В литературе существует вполне обоснованное предположение, что Адам, а вслед за ним и Гельмольд, объединили события, относящиеся к разным временам: всеобщее восстание прибалтийских славян в 983 г., т. е. при императоре Оттоне II и герцоге саксонском Бернарде I, и восстание в 1018 г. при императоре Генрихе II и герцоге Бернарде II. Такого мнения придерживались Богуславский (W. Boguslawski. Указ. соч., т. III, стр. 325 — 327), Маркварт (J. Marquart. Указ. соч., стр. 312 — 315), Ваховский (А. Wachowski. Указ. соч., стр. 141), Шмейдлер (Адам, стр. 102, прим. 3) и Гильфердинг (указ. соч., стр. 388 — 393, 412 — 414). Путаница, внесенная хронистами, затруднила раскрытие упоминаемых имен.
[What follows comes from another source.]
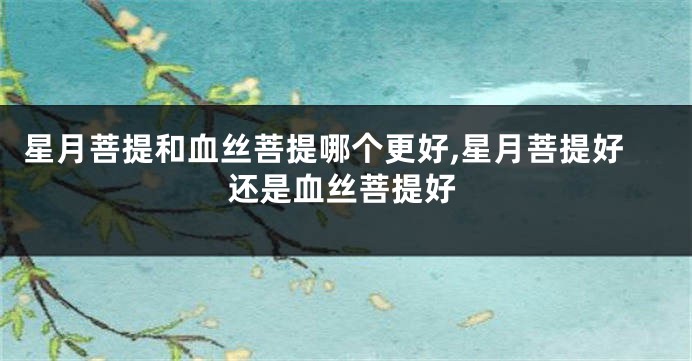 星月菩提和血丝菩提哪个更好,星月菩提好还是血丝菩提好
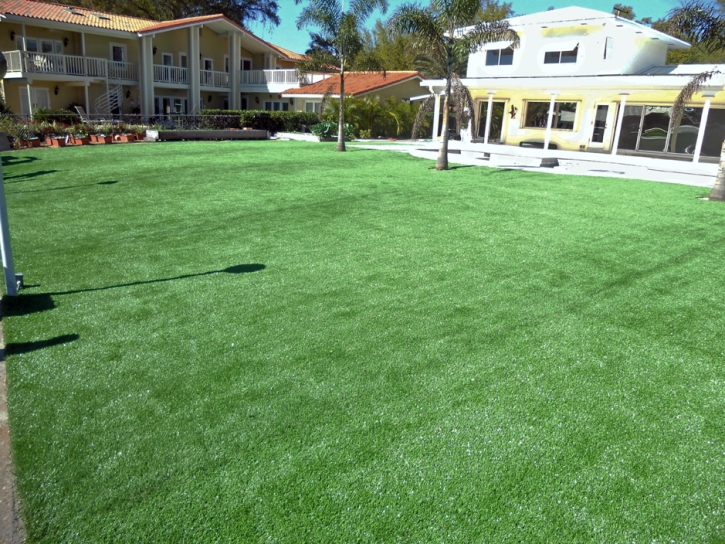 Synthetic Grass Oceanside, California Garden Ideas, Above Ground Swimming Pool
До сих пор нет единого мнения о князе Мстивое. Все сходятся только на том, что под одним именем скрываются два разных князя. Один, вождь восстания 983 г., это — Мстивой Биллуг (I, 13, прим. 188). Так считали Гильфердинг (Указ. соч., стр. 388) и Маркварт, причем последний отождествлял этого первого Мстивоя с тем Mistui, Mistuwoi, который упоминается у Титмара в кн. III, гл. 17 и 18, где речь идет о восстании 983 г., и в кн. IV, гл. 2, повествующей о появлении бодрицкого князя в числе других при дворе герцога в 984 г. (См. J. Marquart. Указ. соч., стр. 314 — 315). Мнение Маркварта поддержал Шмейдлер (см. Адам, стр. 102, прим. 4). Богуславский же полагал, что этот Мстивои был сыном Мстивоя Биллуга, братом Мечислава (W. Boguslawski. Указ. соч., т. III, стр. 325). Что касается второго князя, выступающего под именем Мстивоя у Адама и Гельмольда, то Богуславский отождествлял его с Мстиславом (Mistizlavus), встречающимся у Титмара в кн. VIII, гл. 4, описывающей выступление лютичей против этого князя, отказавшего им в поддержке во время похода Отто-на II в союзе с ними на Польшу (см. W. Boguslawski. Указ. соч., т. III, стр. 441). Такое же мнение высказал и Маркварт (J. Marquart. Указ. соч., стр. 315 — 316 и 329), дополнив его предположением, что этот Мстивой, или Мстислав, одно и то же лицо, что и Мечислав (Missizla), сын Мстивоя Биллуга (см. I, 13, прим. 189 и I, 15, прим. 202). Гильфердинг считал этого второго князя не сыном Биллуга, а его внуком, сыном Мечислава (Указ. соч., стр. 412).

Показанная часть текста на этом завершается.